• Assignment
Without omission or alteration, write out all of the data.

Stored dataset items:
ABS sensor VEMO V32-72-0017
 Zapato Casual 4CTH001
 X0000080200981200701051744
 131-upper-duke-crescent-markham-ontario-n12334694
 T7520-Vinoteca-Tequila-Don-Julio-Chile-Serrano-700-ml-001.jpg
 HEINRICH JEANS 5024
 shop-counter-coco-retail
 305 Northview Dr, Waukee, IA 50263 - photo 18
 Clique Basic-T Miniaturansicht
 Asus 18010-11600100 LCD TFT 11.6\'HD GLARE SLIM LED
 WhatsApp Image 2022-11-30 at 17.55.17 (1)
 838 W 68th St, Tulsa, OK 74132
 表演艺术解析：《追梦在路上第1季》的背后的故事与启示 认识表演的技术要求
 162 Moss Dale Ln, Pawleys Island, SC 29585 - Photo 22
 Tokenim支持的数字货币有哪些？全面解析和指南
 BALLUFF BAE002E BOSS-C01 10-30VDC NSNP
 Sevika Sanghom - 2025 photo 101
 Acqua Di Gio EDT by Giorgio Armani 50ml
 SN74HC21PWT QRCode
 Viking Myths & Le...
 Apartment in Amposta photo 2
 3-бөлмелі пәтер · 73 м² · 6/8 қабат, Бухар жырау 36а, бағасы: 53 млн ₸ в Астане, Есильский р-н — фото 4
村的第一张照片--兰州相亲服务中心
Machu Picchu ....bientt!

• Output for this exercise
ABS sensor VEMO V32-72-0017
 Zapato Casual 4CTH001
 X0000080200981200701051744
 131-upper-duke-crescent-markham-ontario-n12334694
 T7520-Vinoteca-Tequila-Don-Julio-Chile-Serrano-700-ml-001.jpg
 HEINRICH JEANS 5024
 shop-counter-coco-retail
 305 Northview Dr, Waukee, IA 50263 - photo 18
 Clique Basic-T Miniaturansicht
 Asus 18010-11600100 LCD TFT 11.6\'HD GLARE SLIM LED
 WhatsApp Image 2022-11-30 at 17.55.17 (1)
 838 W 68th St, Tulsa, OK 74132
 表演艺术解析：《追梦在路上第1季》的背后的故事与启示 认识表演的技术要求
 162 Moss Dale Ln, Pawleys Island, SC 29585 - Photo 22
 Tokenim支持的数字货币有哪些？全面解析和指南
 BALLUFF BAE002E BOSS-C01 10-30VDC NSNP
 Sevika Sanghom - 2025 photo 101
 Acqua Di Gio EDT by Giorgio Armani 50ml
 SN74HC21PWT QRCode
 Viking Myths & Le...
 Apartment in Amposta photo 2
 3-бөлмелі пәтер · 73 м² · 6/8 қабат, Бухар жырау 36а, бағасы: 53 млн ₸ в Астане, Есильский р-н — фото 4
村的第一张照片--兰州相亲服务中心
Machu Picchu ....bientt!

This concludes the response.